「ISSCC 2019(International Solid-State Circuits Conference 2019)」(2月17日~21日に米国サンフランシスコで開催)のメモリーに関しては、全36件の投稿があり、その中から採択された14件が3つのセッションで発表された。3つのセッションは「Session 13 :Non-Volatile Memories」、「Session 23 : DRAM」および「Session 24 : SRAM & Computation-In Memory」である。筆頭発表者の所属組織で見ると、アジア(韓国、台湾、日本)からの採択件数が11件と例年通り大多数を占めた。
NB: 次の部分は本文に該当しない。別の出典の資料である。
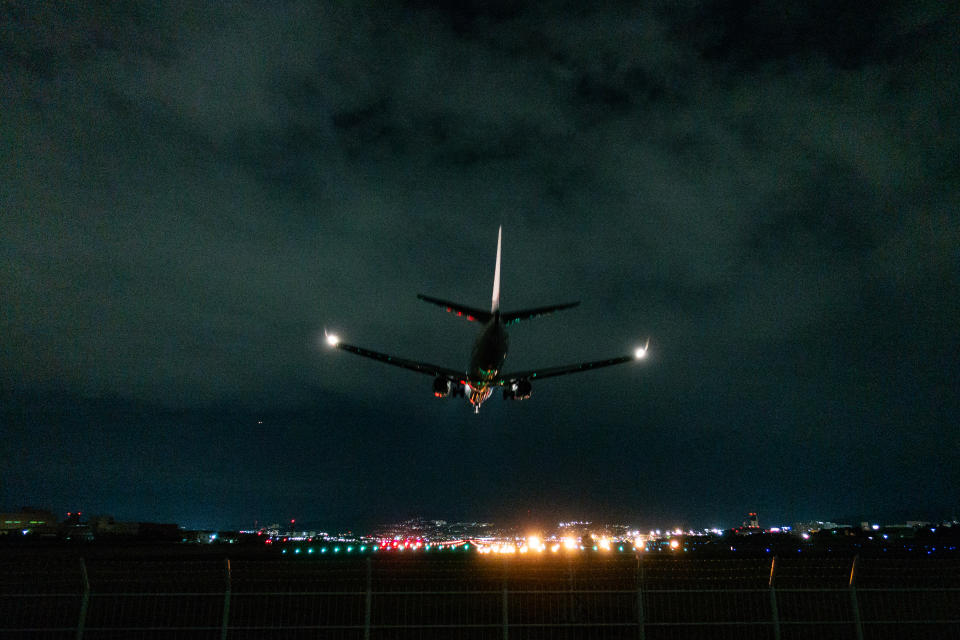 日航一架客機19日在大阪國際機場（伊丹機場）跑道等待起飛時，機長發現管制員搞錯並允許另一架日航客機降落在同跑道，及時通知管制員立即取消降落許可，避免客機相撞事故發生。圖為飛機夜間降落伊丹機場的資料照。（示意圖／Getty Images）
 NANDフラッシュメモリーについては大容量化や高速化、DRAMではLPDDR5やDDR5の新高速規格を実現したチップの発表があり、産業的に大きなインパクトを持つ両メモリーの技術開発が着実に進展していることが示された。ただし、プロセスルールはDRAMが10nmクラス、SRAMは7nmであり、既発表に対して進展はなかった。

 また、昨年に引き続いて機械学習へのメモリー技術の応用がメモリー関連セッションの中で取り上げられ、メモリーセルの選択情報とその保持値によりメモリー内で演算を行うCIM(Computation-In Memory)技術に関する発表がSRAM技術と合同のセッションで行われた。加えて、Emerging Memoryでは高速ロジックプロセスにMRAMやReRAMをそれぞれ混載した発表が行われたことが注目される。